For investors looking for good returns without taking too much risk, or retirees looking for a reliable source of post-retirement income, stocks that pay dividends are a great investment.

Dividends are payments made by a company to the owners of the company’s stock. Basically, they’re a way for publicly held businesses to distribute revenue back to investors. Not all stocks pay dividends though, so investors that want dividends need to specifically seek out stocks that do.

How Dividends Work

Here in the United States, businesses usually pay dividends quarterly, though some pay monthly or semi-annually. Dividends are paid per share of stock – which means if you own 30 shares of a company, and that company pays $3 in annual dividends, you will receive $90 per year.

Before a dividend is paid, a company’s board of directors must approve it. This means they must:

  1. Approve to pay a dividend
  2. Decide how much the dividend will be
  3. Decide when the dividend will be paid
  4. Determine an “ex-dividend” date

An ex-dividend date is the date by which a company’s stock must be owned in order for the shareholder to receive the dividend. Investors who purchase the stock after the ex-dividend date will not be eligible to receive the dividend.

Understanding Dividend Yield

Many financial websites and TV shows often discuss and compare various dividends using the phrase “dividend yield”.

Dividend yield is simply the annual dividend amount divided by the stock price. So, for example, a $10 stock paying an annual yield of $0.40 (or $0.10 per quarter) has a dividend yield of 4% (0.40/10=0.04, or 4%).

Knowing a company’s dividend yield is often easier when trying to compare companies with vastly different prices and dividend amounts.
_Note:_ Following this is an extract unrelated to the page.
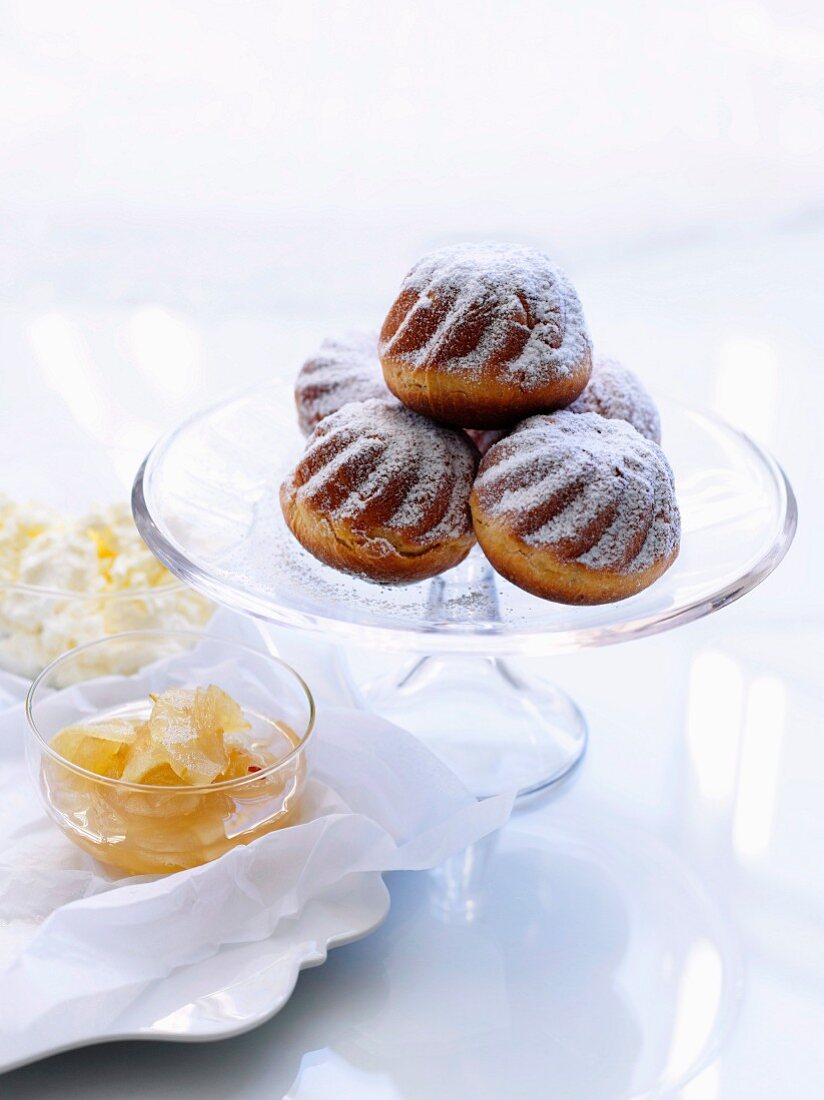 Mini yeast cakes with apple jam and ricotta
Using the same example as before, a $10 stock paying $0.10 quarterly ($0.40 per share annually) has the same yield as a $100 stock paying $1 quarterly ($4 annually). In both cases the yield is 4%.
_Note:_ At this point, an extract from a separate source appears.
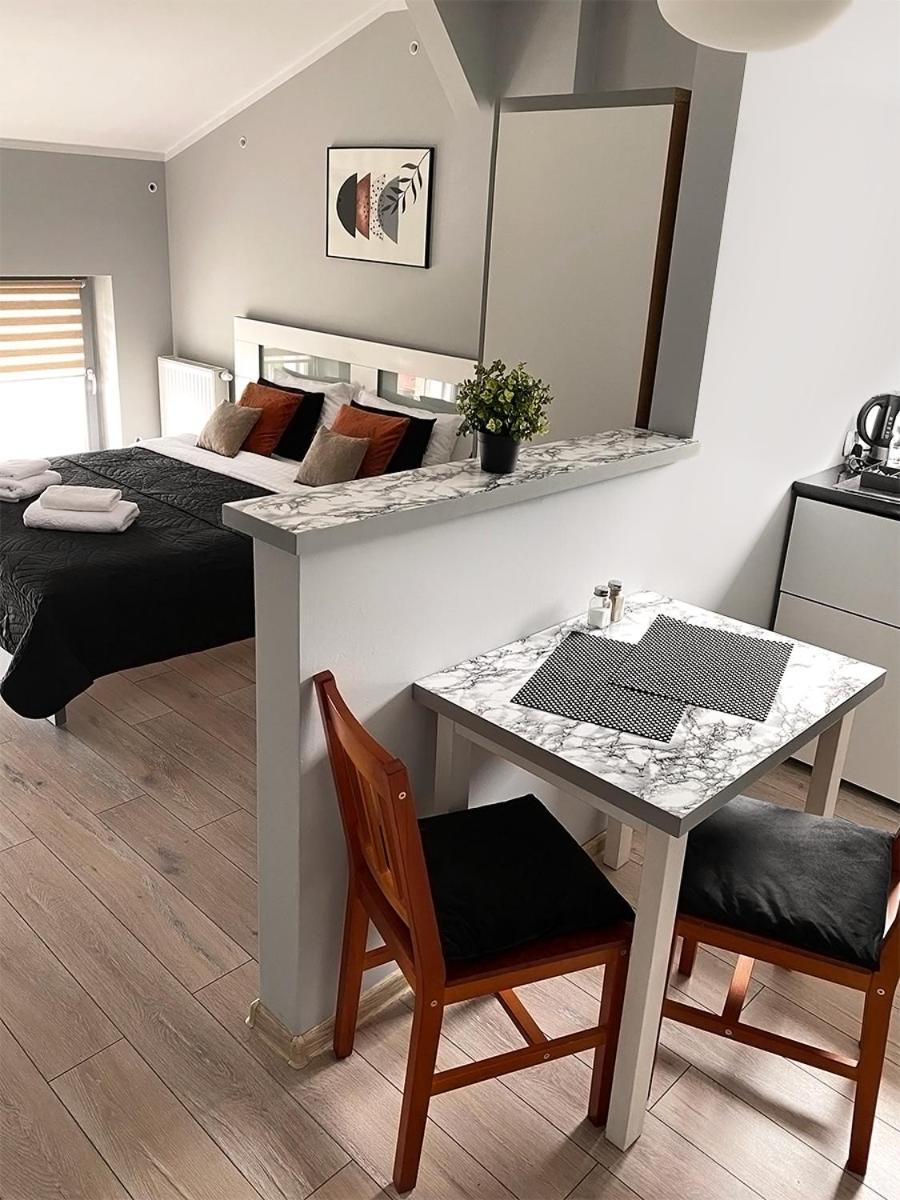 H-T-L Apartamenty Junior Nowa Sol Εξωτερικό φωτογραφία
What Types Of Stocks Pay Dividends?

Dividends are more likely to be paid by older, well-established companies that no longer need to reinvest as much money back into their business in order to grow. High-growth, tech, and biotech are examples of industries that rarely pay dividends, because they need to reinvest profits into expanding that growth.

From an investment standpoint, once a company establishes or raises a dividend, investors expect it to be maintained, even in tough times. The most reliable American companies have a record of growing dividends – with no cuts – for decades. Investors will often devalue a stock if they think the dividend will be reduced, which lowers the share price and devalues the company.
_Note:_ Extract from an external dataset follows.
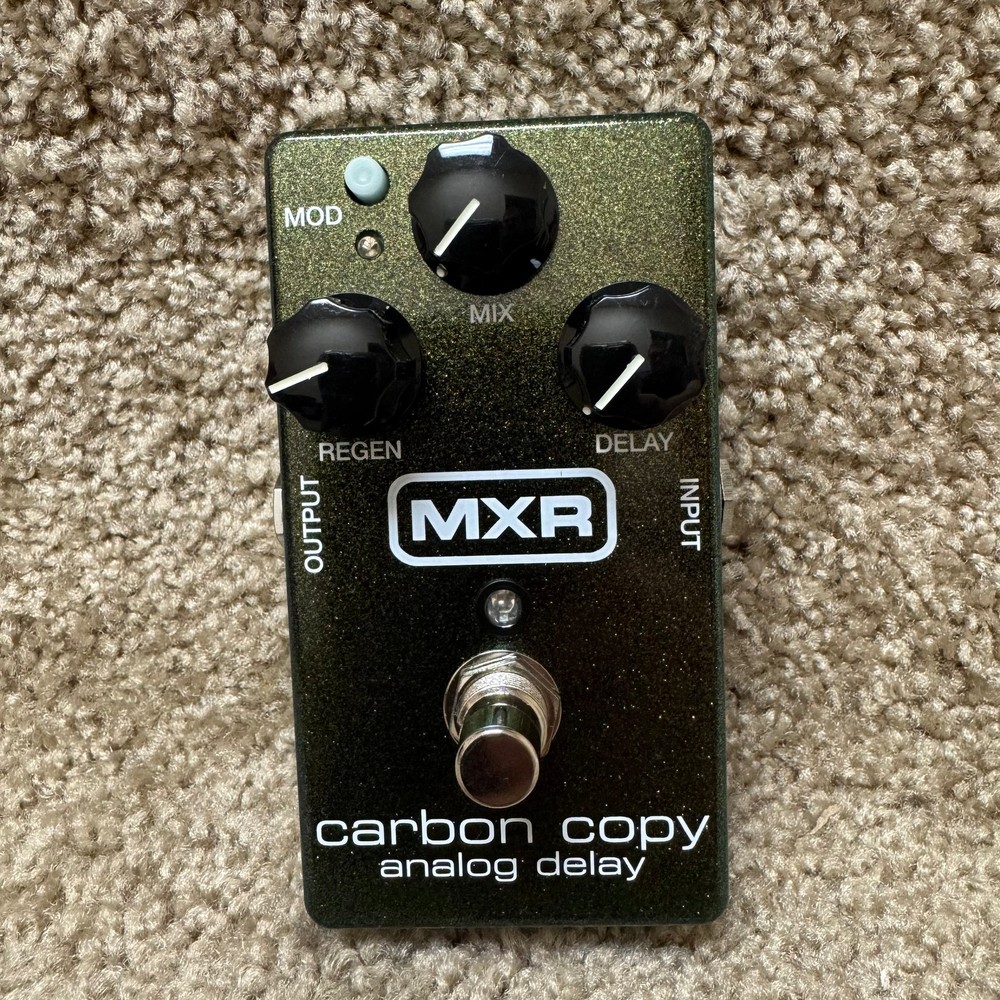 MXR M169 Carbon Copy Analog Delay Pedal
How To Invest In Dividend-Paying Stocks

There are several ways to invest in stocks that pay dividends. Some investors prefer to pick stocks individually based on certain criteria, while other may choose dividend-focused mutual funds and exchange-traded funds.

If you are interested in investing in stocks that pay dividends, consider speaking with an experienced financial planner who can help evaluate your current financial situation and make a recommendation. A financial planner can also help you create a portfolio based around what you financial goals are, whether it’s saving for a new home, retirement, or some other goal.